ContentTypeDetectionMiddleware determines the true MIME type of uploaded files by inspecting magic bytes — the leading bytes of the file stream — rather than trusting the Content-Type header or file extension supplied by the client. This ensures metadata accuracy and strengthens security when combined with ValidationMiddleware.


Registration

.WithPipeline(p => p
.UseContentTypeDetection() // default: detect and override any client-provided content-type
// --- or with options ---
.UseContentTypeDetection(o =>
{
o.OverrideExisting = true; // true = replace client content-type; false = detect only when missing
o.SniffBytes = 512; // number of leading bytes to inspect (default: 512)
o.FallbackContentType = "application/octet-stream"; // used when no signature matches
})
)

ContentTypeDetectionOptions

OptionTypeDefaultDescription
OverrideExistingbooltrueIf true, replaces any client-provided Content-Type with the detected type.

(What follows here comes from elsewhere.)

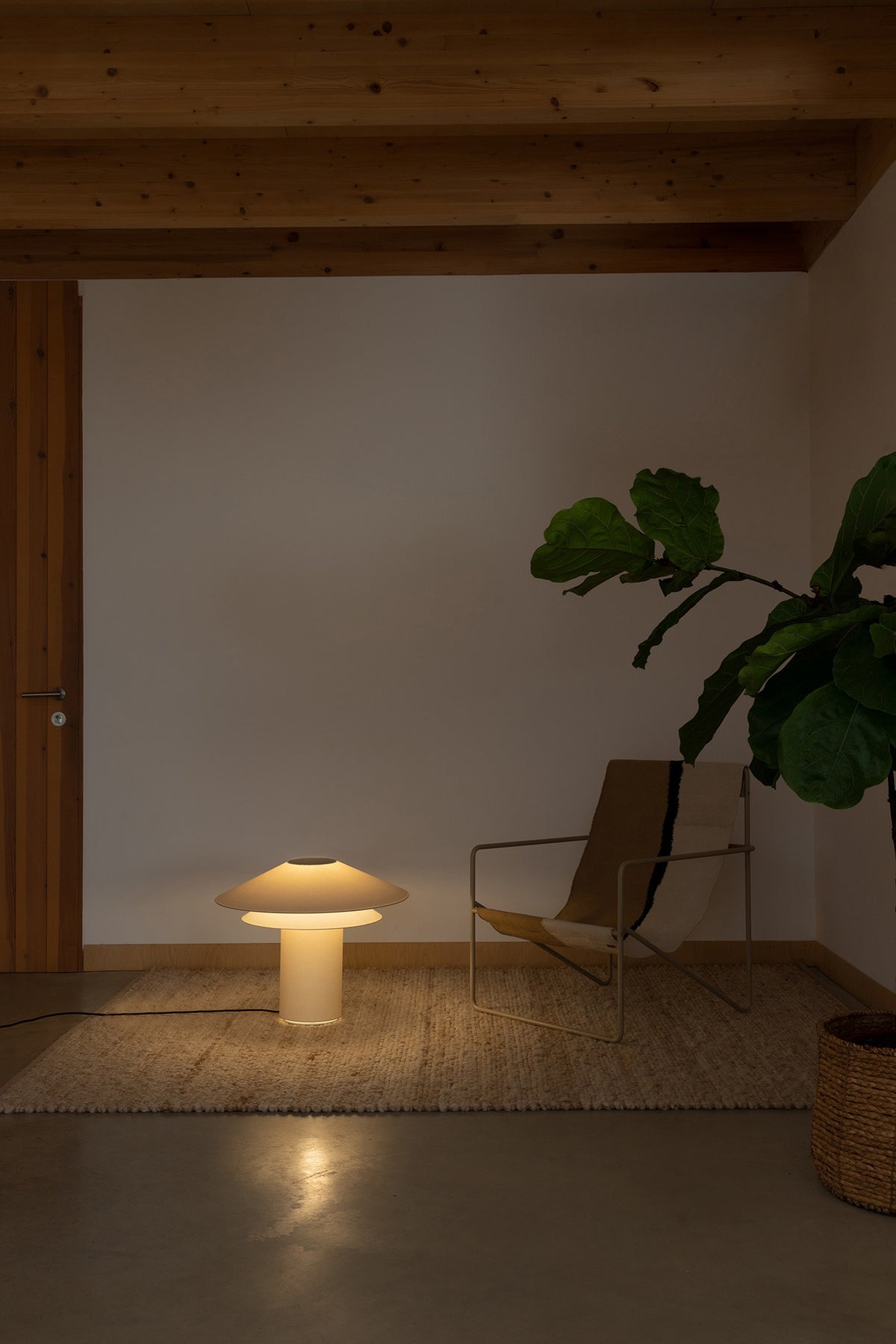 Faro Barcelona 20069-US Shan Table Lamp in Beige
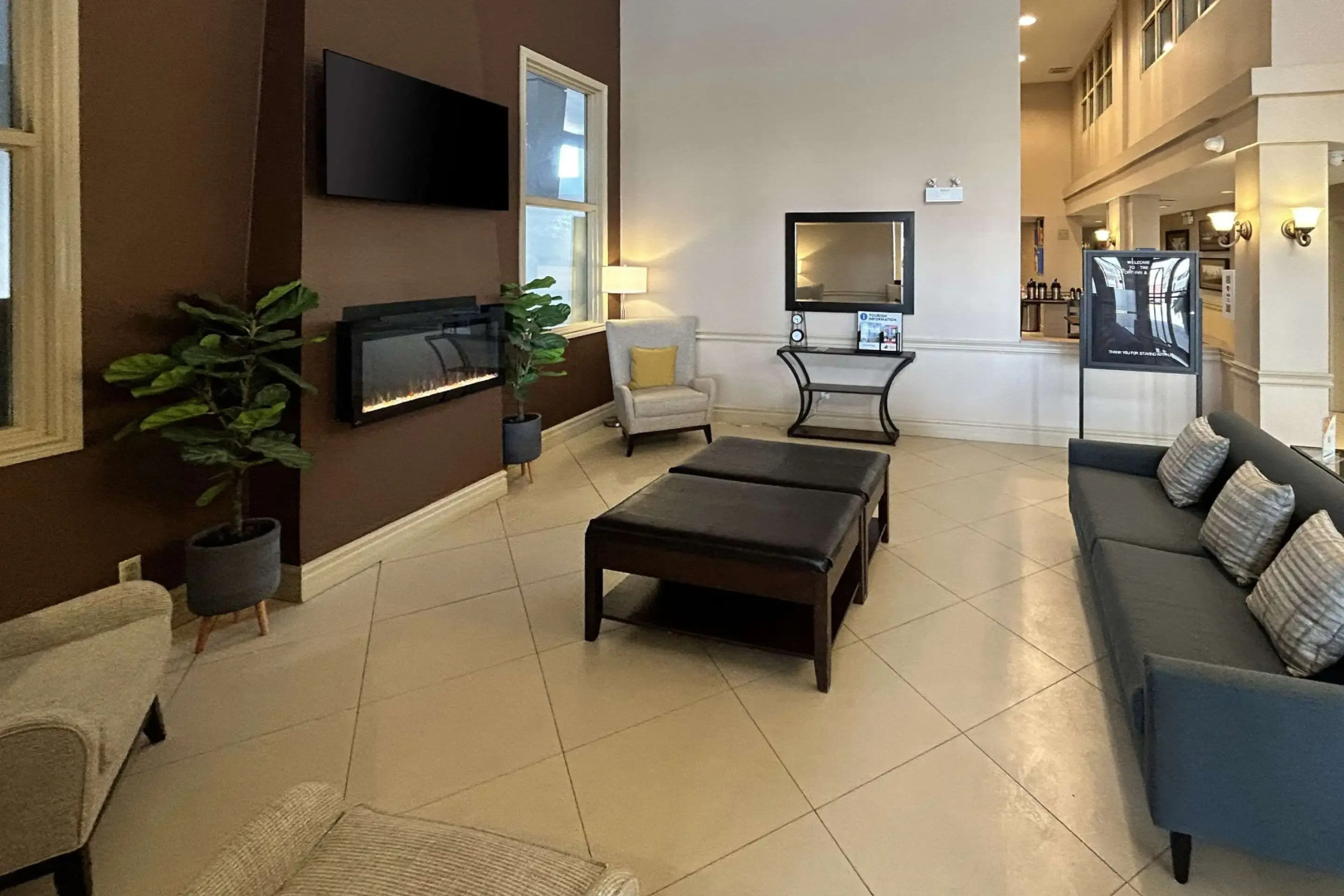 Comfort Inn & Suites Ambassador Bridge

If false, only detects when ContentType is null or empty
SniffBytesint512Number of leading bytes to buffer for magic byte inspection
FallbackContentTypestring"application/octet-stream"MIME type returned when no signature matches

How It Works

loading...
  1. The middleware reads the first SniffBytes bytes into an internal buffer using a LeadingBytesStream wrapper.
  2. The buffer is matched against a table of known magic byte signatures.
  3. The detected MIME type is written to UploadRequest.ContentType (replacing the client-provided value if OverrideExisting = true).
  4. The content stream is reconstructed as a composite of the buffered bytes prepended back to the original stream remainder, so downstream middlewares receive the complete, unmodified file content.

Supported Formats

The following file types are detected from magic bytes:

MIME TypeCommon ExtensionsMagic Bytes (hex)
image/jpeg.jpg, .jpegFF D8 FF
image/png.png89 50 4E 47 0D 0A 1A 0A
image/gif.gif47 49 46 38 (GIF8)
image/webp.webp52 49 46 46 ?? ?? ?? ?? 57 45 42 50 (RIFF...WEBP)
image/bmp.bmp42 4D
image/tiff.tif, .tiff49 49 2A 00 (little-endian) or 4D 4D 00 2A (big-endian)
image/avif.avifISO BMFF with avif compatible brand
image/heic.heicISO BMFF with heic compatible brand
application/pdf.pdf25 50 44 46 (%PDF)
application/zip.zip50 4B 03 04
application/gzip.gz1F 8B
application/x-7z-compressed.7z37 7A BC AF 27 1C
application/x-rar-compressed.rar52 61 72 21 1A 07
application/vnd.ms-excel.xlsD0 CF 11 E0 (OLE2 compound)
application/vnd.ms-powerpoint.pptD0 CF 11 E0 (OLE2 compound)
application/msword.docD0 CF 11 E0 (OLE2 compound)
application/vnd.openxmlformats-officedocument.spreadsheetml.sheet.xlsx50 4B (ZIP-based OOXML)
application/vnd.openxmlformats-officedocument.wordprocessingml.document.docx50 4B (ZIP-based OOXML)
application/vnd.openxmlformats-officedocument.presentationml.presentation.pptx50 4B (ZIP-based OOXML)
video/mp4.mp4, .m4vISO BMFF with mp4 or isom brand
video/webm.webm1A 45 DF A3 (EBML)
video/x-msvideo.avi52 49 46 46 ?? ?? ?? ?? 41 56 49 20 (RIFF...AVI)
audio/mpeg.mp3FF FB, FF F3, FF F2, or 49 44 33 (ID3)
audio/ogg.ogg, .oga4F 67 67 53 (OggS)
audio/flac.flac66 4C 61 43 (fLaC)
audio/wav.wav52 49 46 46 ?? ?? ?? ?? 57 41 56 45 (RIFF...WAVE)
text/plain.txtUTF-8 BOM (EF BB BF) or UTF-16 BOM, or printable ASCII heuristic
text/html.html, .htm3C 21 44 4F 43 (<!DOC) or 3C 68 74 6D 6C (<html)
text/xml / application/xml.xml3C 3F 78 6D 6C (<?xml)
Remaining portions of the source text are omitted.